November 30th - Day 74, I saw 325.5lbs. awesome! that was 30lbs lost. I kinda went up and down a few lbs but managed to stay close by.. however,
today is Day 88 and I just weighed this morning at 333 lbs. why?? why do I do this to myself. I know what I did .. I didn't ride, I didn't track, I allowed myself to eat whenever angel wanted to eat.. (except the other night when he cooked a burger after 11pm.. I passed on that.. yay me!)
Seriously, I have to keep going. I can see the difference in my body.. I had noticed that I could walk longer and bike longer.. things were feeling better. I must continue this journey.
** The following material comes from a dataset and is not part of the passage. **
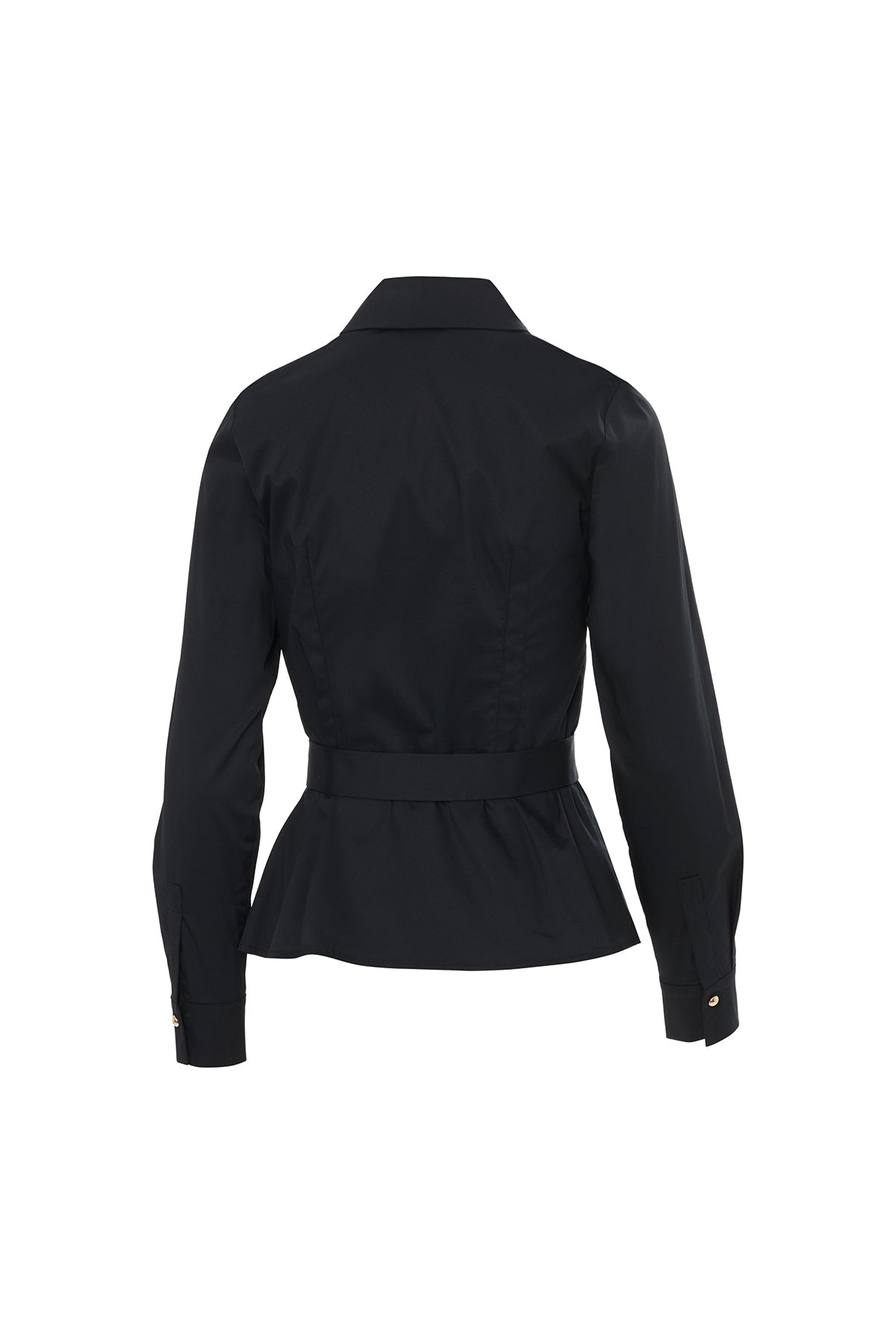Black Long-Sleeved Shirt with Belt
I can not stop now!
This morning I rode 20 min (2.82 miles) and tracked my food so far.. not the great choices but tracking is good. I have to keep on. I can not quit.
I do have most of my food and weight over at livejournal.. but it is such a pain to log in to totally different accounts. So I am going to attempt to use this site which is connected to my reg blog. However this site is not open to the public.. I am just not ready to go there yet.